In Prince William, where communication between an English-speaking officer and Spanish-speaking victim is often conducted with the help of a phone service, a concerted effort has been made to warn Hispanic neighborhoods. An interpreter was hired, brochures were printed in Spanish, and officers have been guests on the local Spanish radio station. The streets crime unit also has increased surveillance to stop robberies in progress, and police will offer personal safety protection training in Spanish next week.

Manassas police are also launching a special problems unit, which will take on this issue.
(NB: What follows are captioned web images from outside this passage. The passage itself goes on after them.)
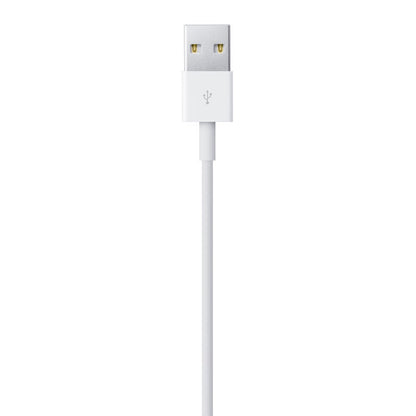 Apple kabel | USB-A naar Lightning | 1 m | Wit | MXLY2ZM/A - Matmuis - Matmuis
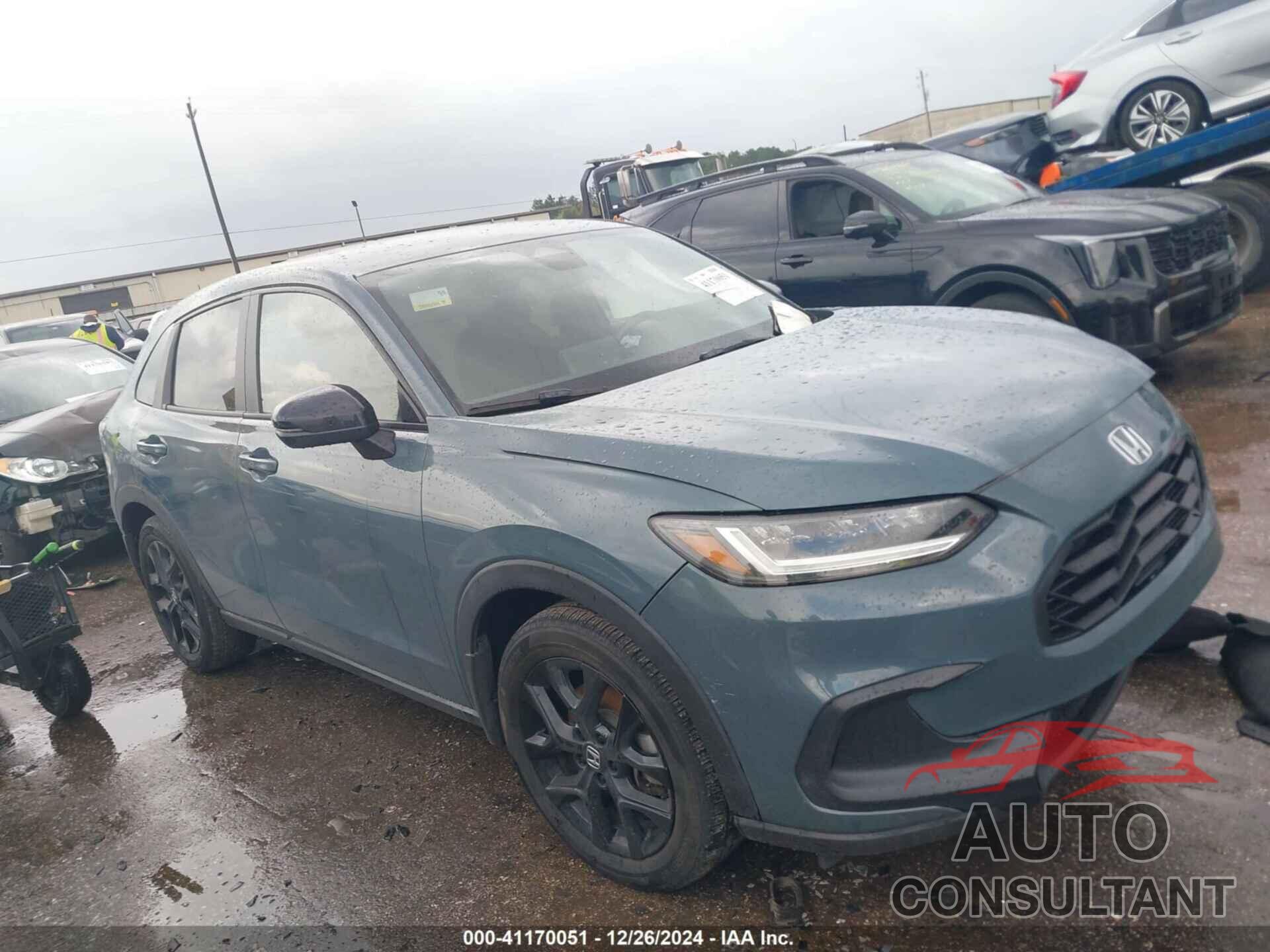 HONDA HR-V 2023 - 3CZRZ1H58PM711367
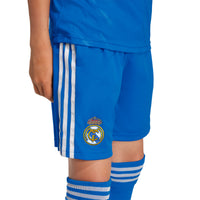 Real Madrid 25/26 3rd Football Shorts Jnr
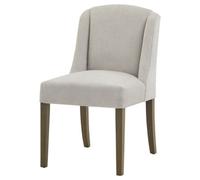 Hill Interiors Compton Dining Chair - Wood - L59 X W52 X H87 Cm - Grey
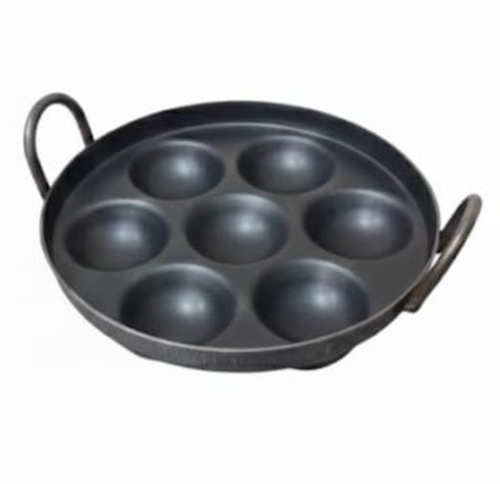 Iron Kuzhi Paniyaram Pan 7cavity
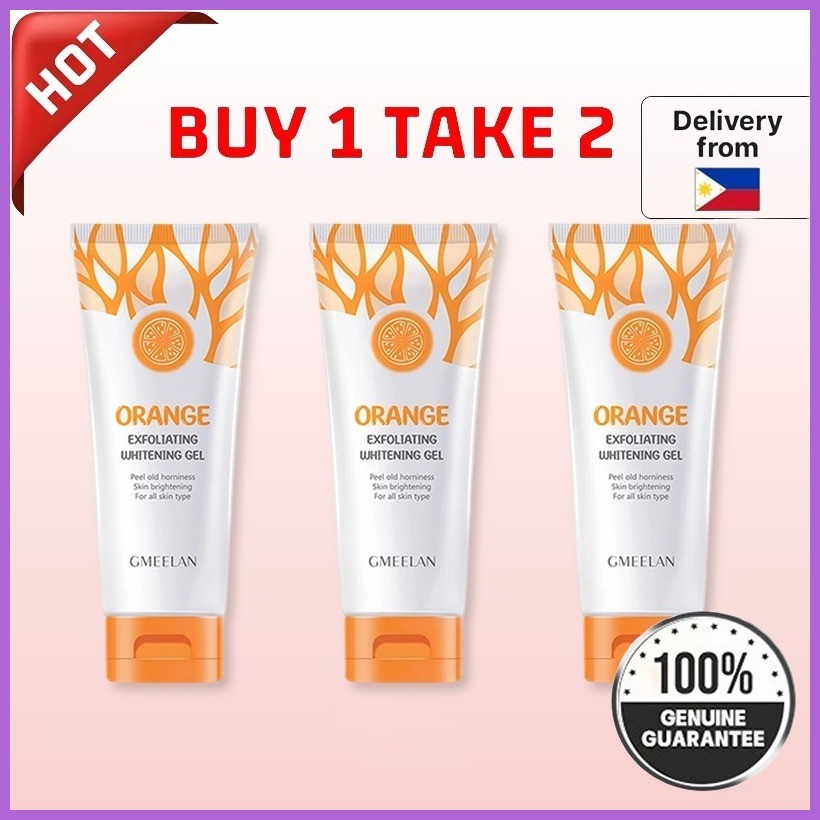 ∏ BUY 1 TAKE 1 GMEELAN Orange Exfoliating Whitening Gel For Deep ...
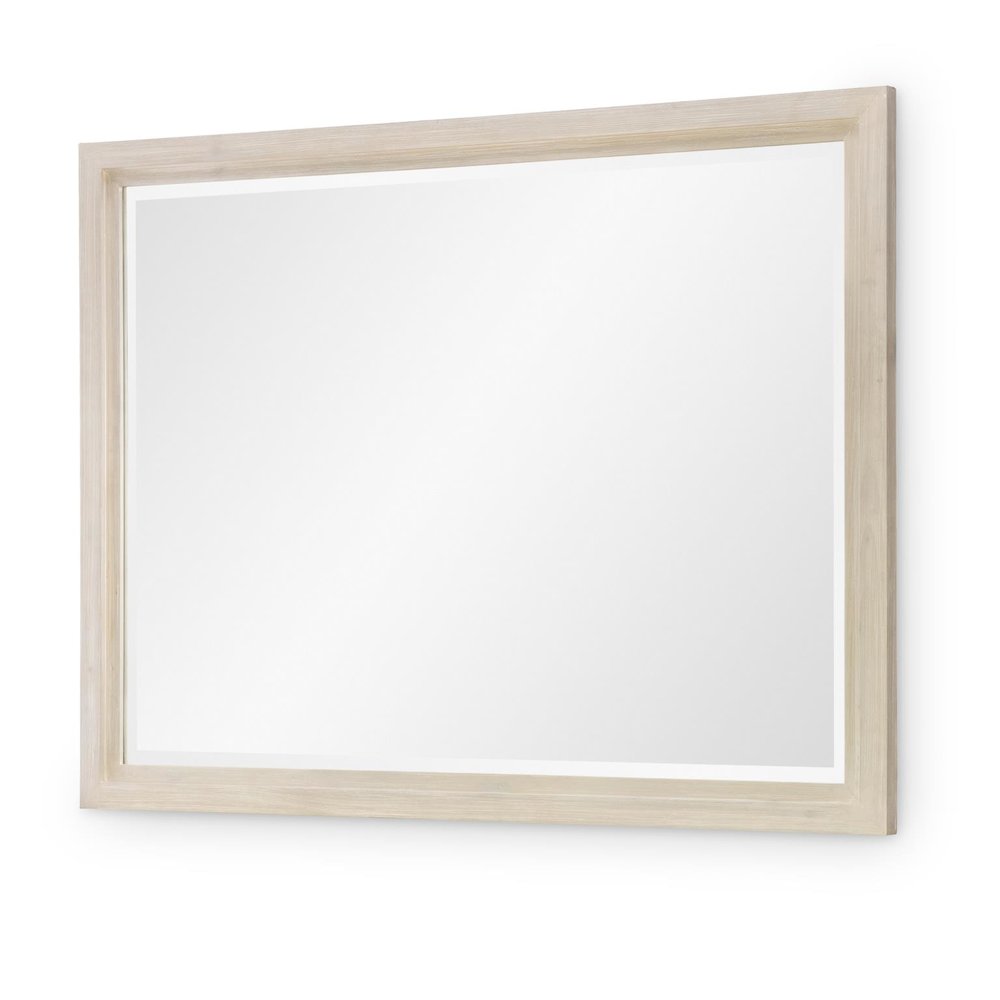 Bliss Mirror (Beveled), Soft Cashmere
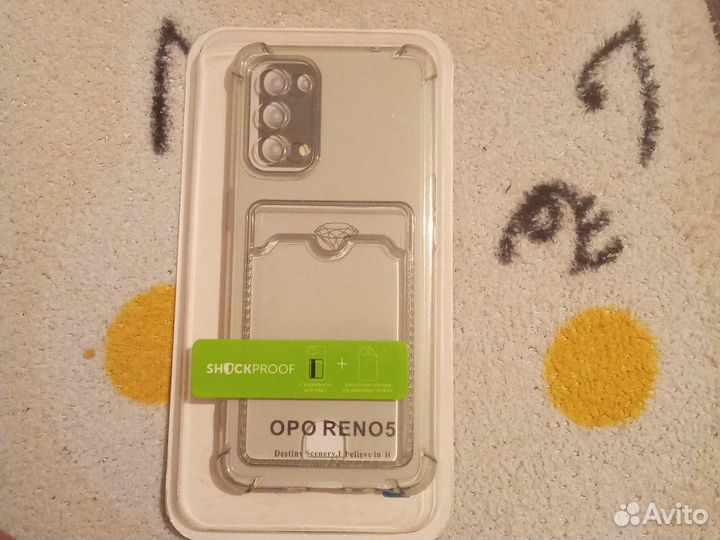 Чехол накладка Activ Shockproof, с картхолдером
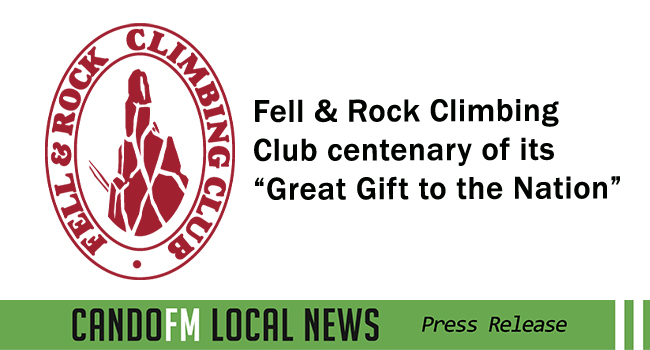 Fell & Rock Climbing Club centenary of its “Great Gift to the Nation”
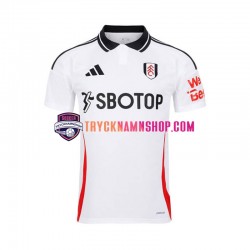 Fulham 2024-2025 Tröja 1:a Matchställ Män Kortärmad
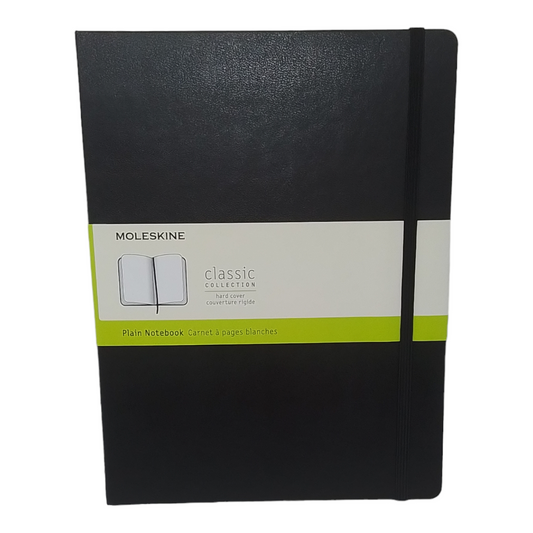 MOLESKINE - Taccuino Pagine Bianche Copertina Rigida o Flessibile
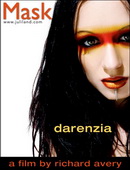 Darenzia in Mask video from JULILAND by Richard Avery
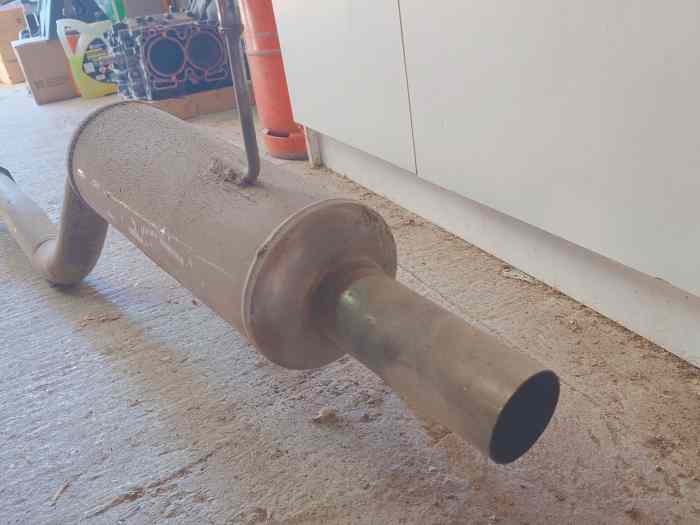 Ligne inox Grp N Subaru 2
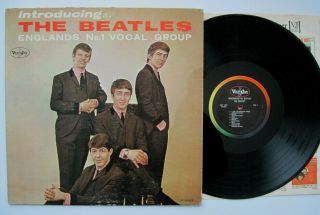 Beatles - " Introducing The " - Vee Jay - Vjlp 1062 - Version 1 - W/ Love Me Do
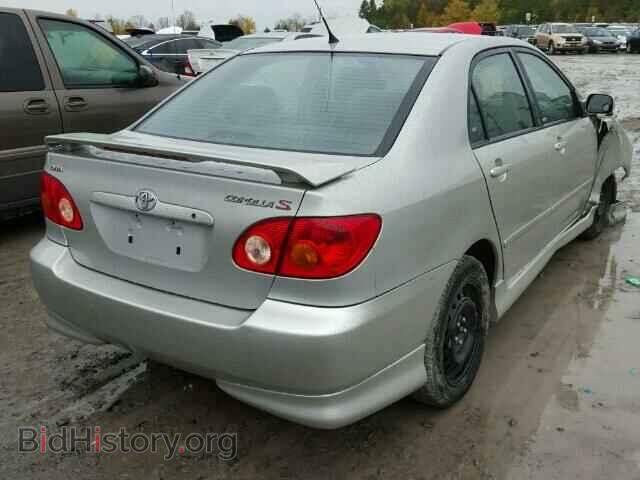 2003 TOYOTA COROLLA - VIN: 2T1BR32E93C722280 - Фото 4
The concern, both police departments said, is not only the cases they have seen, but also the ones they haven't.

On Tuesday afternoon, less than an hour after Prince William police released their crime statistics, four Hispanic men stood talking outside of Todos Supermarket in Woodbridge. Two of the men said they had been attacked, and the other two said they knew men who had been.

"They take everything -- money, shoes, everything," Jose Dimas Igraheta, a painter from El Salvador, said in Spanish.

Standing beside him, his friend Andres Torres, 21, said six or seven men attacked him on Occoquan Road about two months ago. They wanted money, but he didn't have any.

"He held a gun to my head," he said in Spanish, holding his fingers up like an imaginary pistol. "They hit me and kicked me. All I could do was . . . " he tucked his head under the shelter of his arms. He said he didn't call police.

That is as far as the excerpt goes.